The first applicant, Moshe Zucker, filed on 7 September 2010 for supply, access and free internet services in taxicabs. On 15 May 2011, the second applicant, Oren Ravino, filed his mark for software including cellular applications for finding cab, ordering cabs on line and ordering journeys over the Internet.
On 11 March 2012 the patent office announced that it was initiating a competing marks procedure. Since the sides were unable to come to any understanding, they submitted their evidence and the witnesses were cross examined on 18 April 2013. Moshe Zucker is a taxi driver who provides his customers with wireless internet access during journeys with him. His services may be ordered via the website taxi-net.co.il. Mr Ravino is also a taxi driver who provides cab rides via his internet site taxinet.co.il
On 6 September 2010, Mr Zucker entered the Internet site of Mr Ravino and received an error message (ERROR 404), and subsequently contacted Mr Ravino and offered to purchase his domain. This request was ignored and the consequently he purchased the somewhat similar name (the double barreled one with the aristocratic hyphen).

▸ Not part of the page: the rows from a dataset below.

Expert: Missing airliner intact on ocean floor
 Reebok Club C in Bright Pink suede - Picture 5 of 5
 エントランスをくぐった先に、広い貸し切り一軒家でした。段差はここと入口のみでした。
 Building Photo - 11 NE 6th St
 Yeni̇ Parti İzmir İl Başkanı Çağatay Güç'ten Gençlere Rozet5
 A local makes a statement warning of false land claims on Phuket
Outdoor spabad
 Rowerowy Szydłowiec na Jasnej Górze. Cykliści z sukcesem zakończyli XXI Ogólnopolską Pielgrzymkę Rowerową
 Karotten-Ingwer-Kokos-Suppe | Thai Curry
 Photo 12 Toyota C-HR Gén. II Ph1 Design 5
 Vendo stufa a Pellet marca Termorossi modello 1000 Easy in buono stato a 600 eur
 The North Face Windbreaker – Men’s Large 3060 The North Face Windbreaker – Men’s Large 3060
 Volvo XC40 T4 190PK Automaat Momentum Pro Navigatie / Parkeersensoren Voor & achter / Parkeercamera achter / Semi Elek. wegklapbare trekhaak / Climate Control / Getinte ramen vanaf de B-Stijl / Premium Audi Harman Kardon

The main claims of the two sides
Mr Zucker claims that he filed his application nine months before his competitor. He also claims to have heavily invested in publicizing his services on television, in the business and main stream press, using evidence submitted by Ravino that this was the case. He also claimed additional publicity but did not provide evidence. He further claimed that some of his clients were foreign businessmen who specifically ordered his services because of the internet support. Once again, no evidence to support this claim was forthcoming. Mr Zucker also claimed that Ravino’s failure to register the mark close to purchasing the domain was inequitable behavior and caused laches due to the time passed. Finally, Mr Zucker claimed that the marks were significantly different and were in different classes so coexistence was possible.
Mr Ravino argued that he was using his mark from 2009 onwards when he first discussed the project with programmers. He supported this claim with a secrecy agreement from March 2011. In February 2010 Mr Ravino purchased a communication line from Orange in the name Taxinet. He provided the invoice as proof of purchase. Mr Ravino purchased the domain in June 2010 an submitted invoice to prove this. He claims that the website is known to his clients and enables them to purchase taxi rides. Ravino provided various correspondence with clients from 12 April 2011 onwards, showing that the mark was in use from that date.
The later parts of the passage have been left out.